The infamous 1972 constitutional act destroyed the Legislature that hitherto was assuring the continuing development of the common law in Cameroon. The executive arm of the Government of West Cameroon was the next victim of constitutional amputation. The judiciary with its limited but surely important common law making power through precedent was adjudged sensitive and therefore has been engineered into slow death even though at this time of writing the body of common law is still comatose and not yet totally dead, given that it benefits from a life support machine which is the brains and minds of common law Lawyers of Cameroon who are ready to jolt the dying specie of law back into life.

After removal of the constitutional foundation of the common law as described in the immediately preceding paragraphs, the government of the reinstated immediate post independent “La République du Cameroun”, adopted a blindfolding policy of placing temporary saving provisions in every civil law type piece of legislation for the common law but which progressively and assuredly are regularly being dropped in favour of the puritization of laws in Cameroon with none other than civil law legislation whether brought in directly by a rubber-stamping Camerounese legislature or through partnership with the international conspirators against the survival of common law in Cameroon.

The above dismal predicament of the Common Law in Cameroon calls for urgent remedial action. It is therefore recommended that the government should urgently review its law and policy towards the common law by revisiting not just the constitution of the nation but more importantly the national Constitution as the only assured foundation that its two peoples could be kept together within a legal continuum.

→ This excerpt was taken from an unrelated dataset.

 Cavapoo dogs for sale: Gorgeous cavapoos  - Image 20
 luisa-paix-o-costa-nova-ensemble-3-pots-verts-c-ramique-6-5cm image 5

c.   Whether or not there exist any reason for the abrogation of Common Law Inspired Rules of Procedure and Evidence within the “Cameroon Legal System”, other than contempt of those rules.
Some of the key distinguishing elements of the common law system from its civil law counterpart particularly in Cameroon are the rules of procedure and rules of evidence that respectively canalize and lubricate the application of substantive law with radar-like guidance towards attainment of the highest possible levels of judicial performance and integrity of justice.

The strictures of Common Law Rules of Procedure, from modes and forms of commencement of actions through to judgments at final appeals guarantee relatively higher security of judicial transparency and accountability. It goes the same for the type of rules of evidence obtainable in the common law system which in calibrated details assures not just sieving of truth from parties’ (litigants’) testimonies, but effective titration of hard opposing masses of facts to obtain sublime truth upon which sustainable decisions of the courts and tribunals may safely be anchored.

For close to 15 years as of date, we the Common Law lawyers have not simply lived but have been subjugated to an accelerated engineered depletion of common law rules of procedure and evidence through near imperceptible abrogation of our statutory rules of procedure and evidence with sanctification of such legislative sins with Supreme Court of Cameroon’s decision which completely ignore those rules.